En declaraciones a la Ethiopian News Agency, Guguma explicó que las políticas de gran alcance y los esfuerzos de modernización en curso están destinados a fortalecer los sistemas de atención médica, tanto preventiva como curativa, en todo el territorio nacional.
Mencionó avances en la infraestructura sanitaria, optimización de la cadena de suministro clínico y ampliación del acceso a servicios médicos de calidad en todo el país.
Al referirse a los desafíos enfrentados durante la pandemia de Covid-19, recordó la escasez de kits de diagnóstico, oxígeno medicinal e instalaciones de cuidados intensivos, los cuales marcaron un punto de inflexión crucial en la estrategia de desarrollo del sector salud de Etiopía.
“Estas experiencias brindaron lecciones fundamentales e impulsaron los esfuerzos para construir un sistema de salud resiliente y autosuficiente, capaz de detectar y responder rápidamente a los brotes de enfermedades”, aseveró.
Al respecto, reveló la ampliación de las instalaciones de producción de oxígeno medicinal, pasando de solo tres plantas antes de la pandemia a 83 plantas operativas en todo el país. Como resultado, agregó, las instituciones de salud ahora pueden acceder a suministros vitales de oxígeno en un radio de 50 kilómetros.
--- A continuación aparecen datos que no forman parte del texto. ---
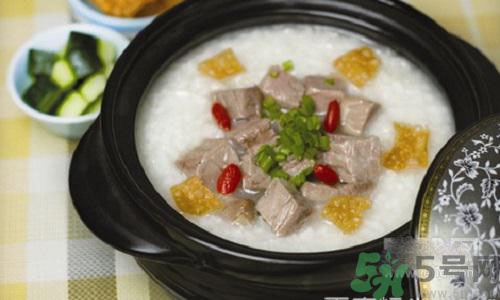 枸杞和什么一起煮粥比較好？枸杞怎么煮粥？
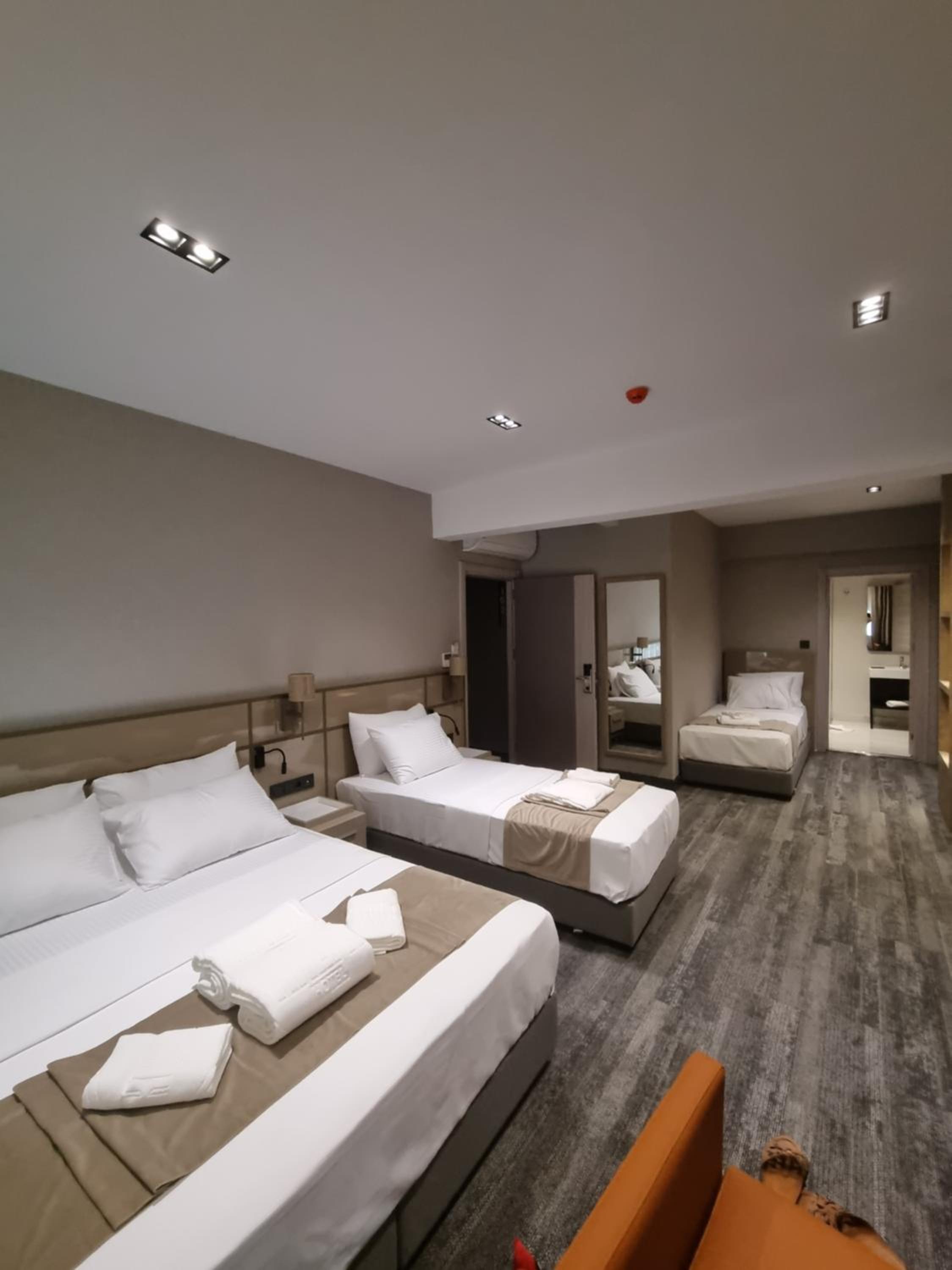Quadruple Room with Bathroom photo 1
Destacó que el número de hospitales equipados con unidades de cuidados intensivos también aumentó sustancialmente, de menos de 70 a 198 a nivel nacional.
Otro resultado importante en el sector fue el diagnóstico y la contención de un brote de la enfermedad del virus de Marburgo el año pasado, con el empleo de la experiencia y sistemas nacionales.
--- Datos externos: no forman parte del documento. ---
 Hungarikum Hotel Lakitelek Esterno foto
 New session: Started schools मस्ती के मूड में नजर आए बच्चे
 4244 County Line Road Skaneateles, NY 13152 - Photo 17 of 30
Asimismo, el establecimiento de un amplio marco de vigilancia y monitoreo de enfermedades diseñado para detectar y controlar brotes recurrentes, como la malaria y otras patologías estacionales.
El ministro de Estado de Salud declaró que continúan las inversiones en educación, capacitación profesional y preparación para la respuesta rápida, mediante el despliegue de profesionales cualificados en todo el país y el fortalecimiento de la colaboración con las comunidades locales.
Con reformas sostenidas, una infraestructura sanitaria ampliada y una mejor preparación para emergencias, Etiopía se posiciona cada vez más para afrontar de forma independiente los futuros desafíos de salud pública, concluyó.